Work item:
Reproduce exactly the lines below, from the first one through the line containing "This is Tactus", and omit any pictures.

Material for the task:

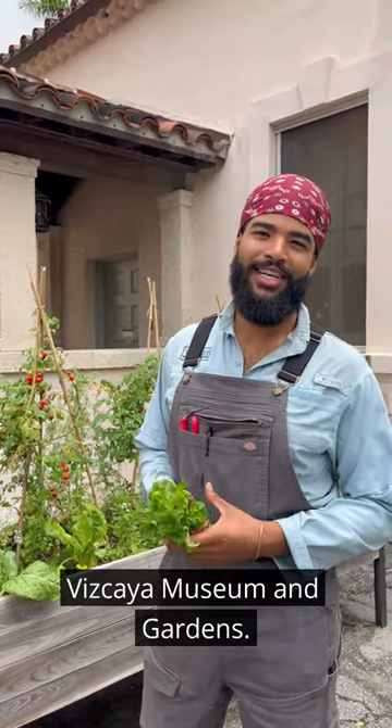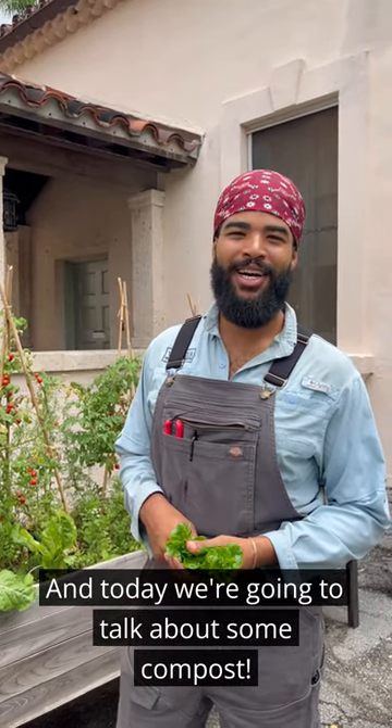My name is Quinn Metellier. I'm an urban farming horticulturist here at the Vizcaya Museum of Gardens, and today we're going to talk about compost.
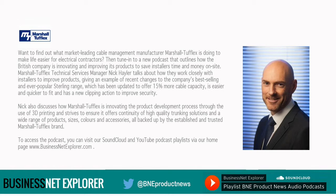Marshall Tufflex Technical Services Manager Nick Hayler talks about how they work closely with installers to improve products, giving an example of recent changes to the company's best-selling and ever-popular Sterling range, which has been updated to offer 15% more cable capacity, is easier and quicker to fit, and has a new clipping action to improve security.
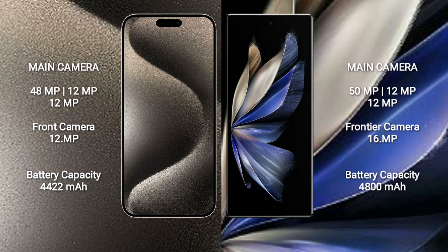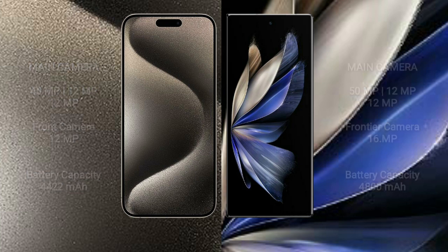iPhone 15 Pro Max has a 4,422mAh battery with 27W fast charging support. Vivo X Fold 2 has a 4,800mAh battery with fast charging support. iPhone 16 Pro Max has a 4,685mAh battery with 27W fast charging support.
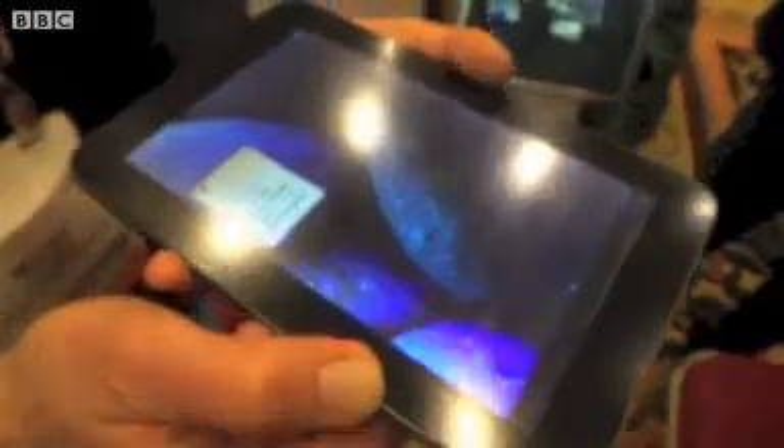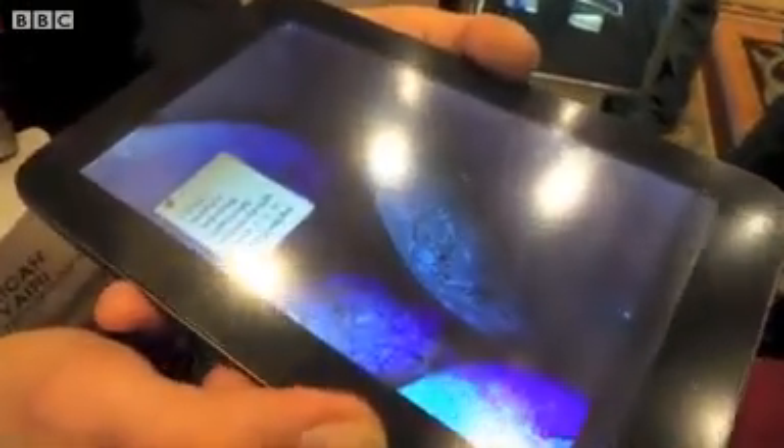This is Tactus Technology at CES 2013, and what we're showing here today is what we believe is the world's first dynamic tactile touchscreen.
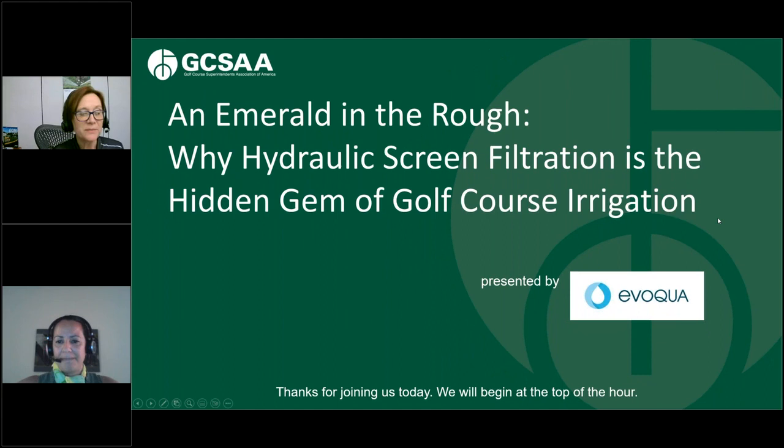Good morning and welcome to today's webinar, An Emerald in the Rough: Why Hydraulic Screen Filtration is the Hidden Gem of Golf Course Industry Irrigation, presented by Evoca Water Technologies.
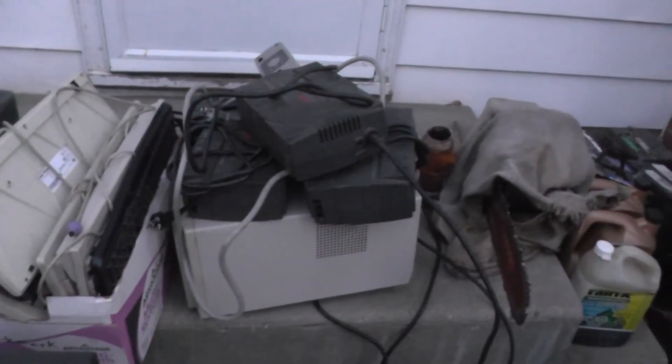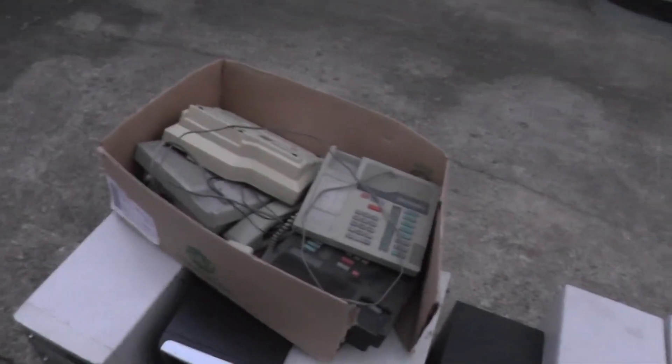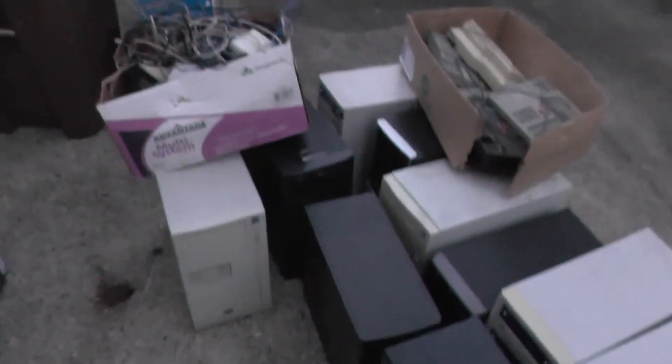We got seven UPS systems, a box of keyboards — those are always fun to take apart. We ended up with a box of cables to go through and clean up, a little bit of a telecom system, another box of cables to get rid of. And the cool thing is we got ten computer towers to tear down.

Output of the exercise:
My name is Quinn Metellier. I'm an urban farming horticulturist here at the Vizcaya Museum of Gardens, and today we're going to talk about compost.
Marshall Tufflex Technical Services Manager Nick Hayler talks about how they work closely with installers to improve products, giving an example of recent changes to the company's best-selling and ever-popular Sterling range, which has been updated to offer 15% more cable capacity, is easier and quicker to fit, and has a new clipping action to improve security.
iPhone 15 Pro Max has a 4,422mAh battery with 27W fast charging support. Vivo X Fold 2 has a 4,800mAh battery with fast charging support. iPhone 16 Pro Max has a 4,685mAh battery with 27W fast charging support.
This is Tactus Technology at CES 2013, and what we're showing here today is what we believe is the world's first dynamic tactile touchscreen.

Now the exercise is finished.